Tuesday, Oct 21, 2014

Nanda: Simple yet Classic

nanda-nayanasha480 Nanda was a no fuss actress. She didn’t need much to be impactful.
Written by Harneet Singh | Posted: March 28, 2014 12:41 am | Updated: March 27, 2014 11:55 pm

My earliest recollection of Nanda is of her singing Allah tero naam in Hum Dono. I loved the film but I was Team Sadhana. I must have been around six or seven years old when I saw the film and, in my mind, Hum Dono was Sadhana and Dev Anand’s love story.

After all, they had all the romantic shimmer— the rich girl-poor boy conflict, the musical lighter and Abhi naa jaao chhod kar.

Really is there a more romantic song in the entire filmography of the Hindi film industry than this timeless soul lovin’ Rafi-Asha song? To my kid’s brain, Nanda came between Sadhana and Dev. I was most upset that she mistook Captain Anand as her husband, Major Verma. I had a lot of issues with her.

Somehow her face (especially that big bindi) and Lata Mangeshkar’s voice never left me. Allah tero naam grew old with me. Nanda became the face of the song. I don’t know how she did it but the way she performed it on screen— completely immersed in it — it was as if she, and not Lataji, was singing it. Years later, I would learn what an acting masterstroke that is.

Nanda was a no fuss actress. She didn’t need much to be impactful. She was simple, understated, basic, classic. She was the lady with the gulaabi aankhen. She was someone who could play Dev Anand’s sister in Kala Bazaar and romance him as his wife. She had no qualms in supporting younger actors— Jeetendra, Manoj Kumar, Rajesh Khanna, Dharmendra and, of course, Shashi Kapoor who made their careers with her able support. She brought a certain naturalness to all her portrayals.

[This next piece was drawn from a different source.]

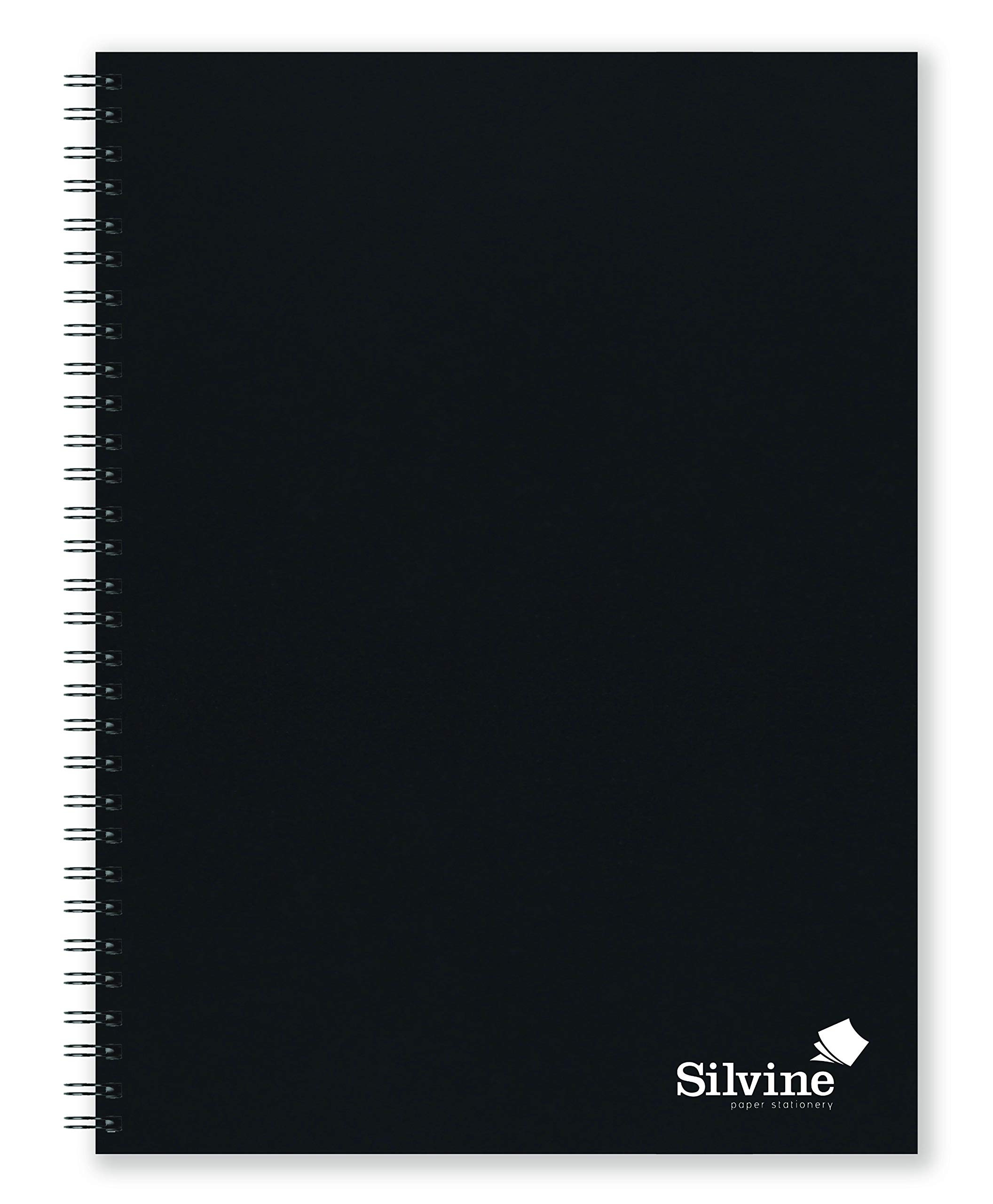 Silvine A4 Soft Touch Wirebound Hardback Notebook. 150 Pages (75 Leaves) Ruled 8mm Feint with Margin. Ref THB001 [Pack of 5], Black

She was as intriguingly effective in Ittefaq as she was as the Western memsaab in Jab Jab Phool Khile, who danced for herself in a gown to Yeh sama, sama hai yeh pyaar ka. For someone who started out as a child actor (for many of her fans she remains Baby Nanda), she gracefully made the transition to character roles — she just did three films, strangely all with Padmini Kolhapure — but her performance in Prem Rog is one for the ages.

I always felt that out of all the actresses, Nanda cried the best on screen. Of course Meena Kumari is the legendary Tragedy Queen but when it comes to natural crying, Nanda gets a gold star from me. But the most striking Nanda thing was her authenticity in songs. Just look at her in Ek pyaar ka nagma hai. Every time Nanda sings Zindagi aur kuch bhi nahin teri meri kahani hai, I buy it. Always.